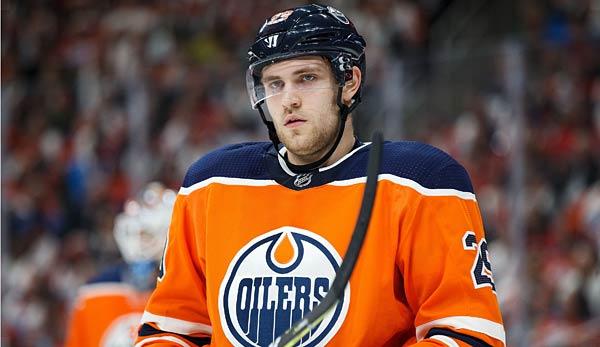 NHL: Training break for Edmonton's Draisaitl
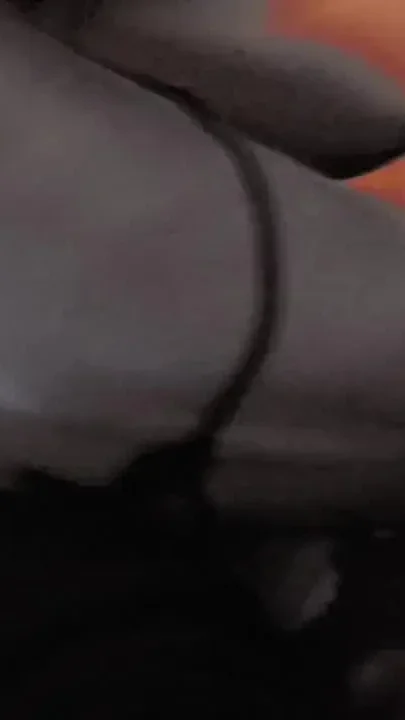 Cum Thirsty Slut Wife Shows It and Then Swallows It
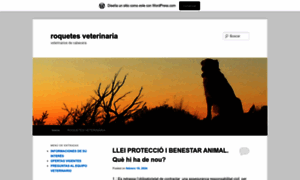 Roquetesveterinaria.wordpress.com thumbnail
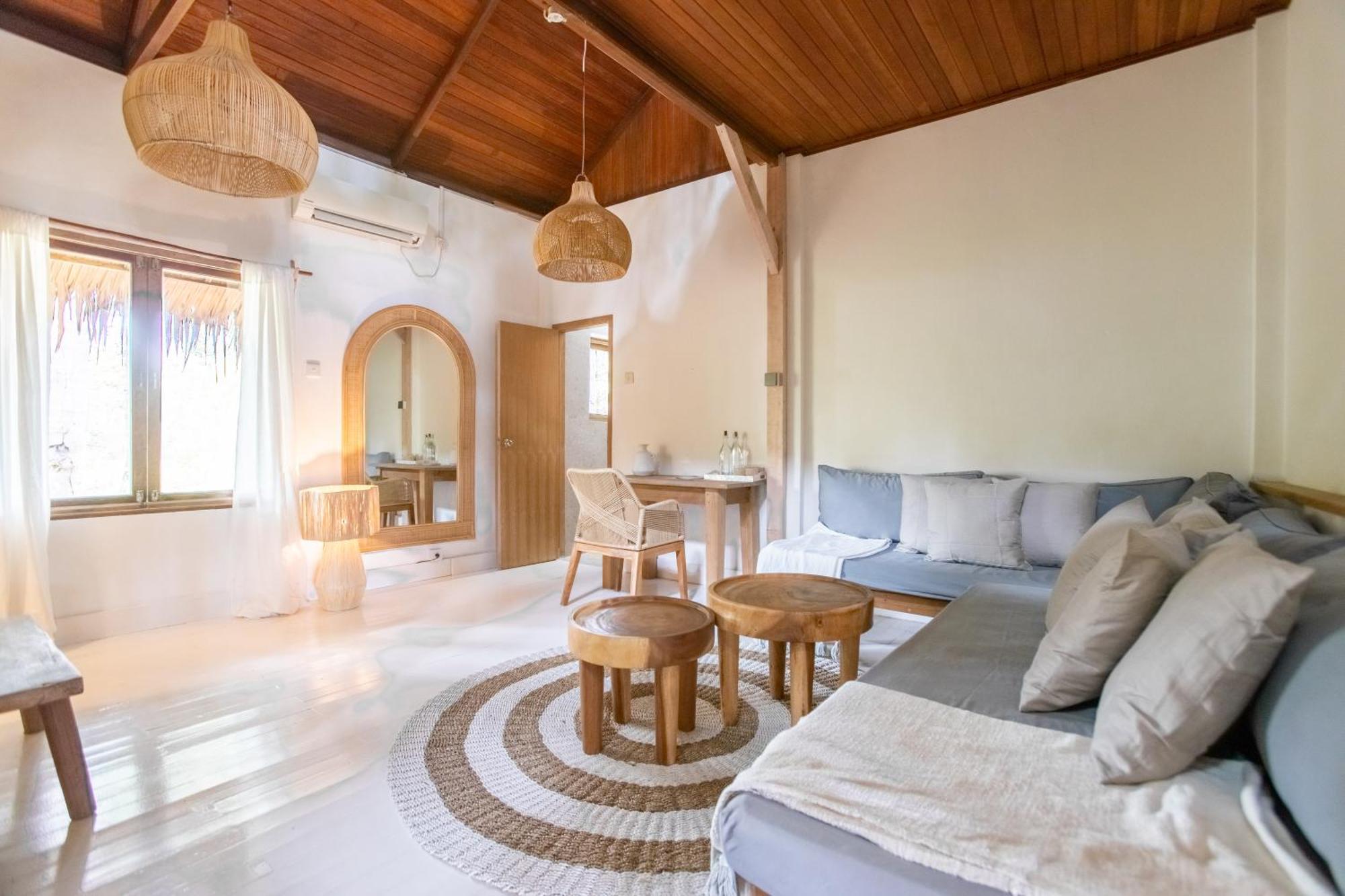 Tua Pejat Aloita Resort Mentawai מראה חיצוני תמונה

**What is required**
Type the listing above out again exactly, and omit all pictures.

**Solution for this problem**
 NHL: Training break for Edmonton's Draisaitl
 Cum Thirsty Slut Wife Shows It and Then Swallows It
 Roquetesveterinaria.wordpress.com thumbnail
 Tua Pejat Aloita Resort Mentawai מראה חיצוני תמונה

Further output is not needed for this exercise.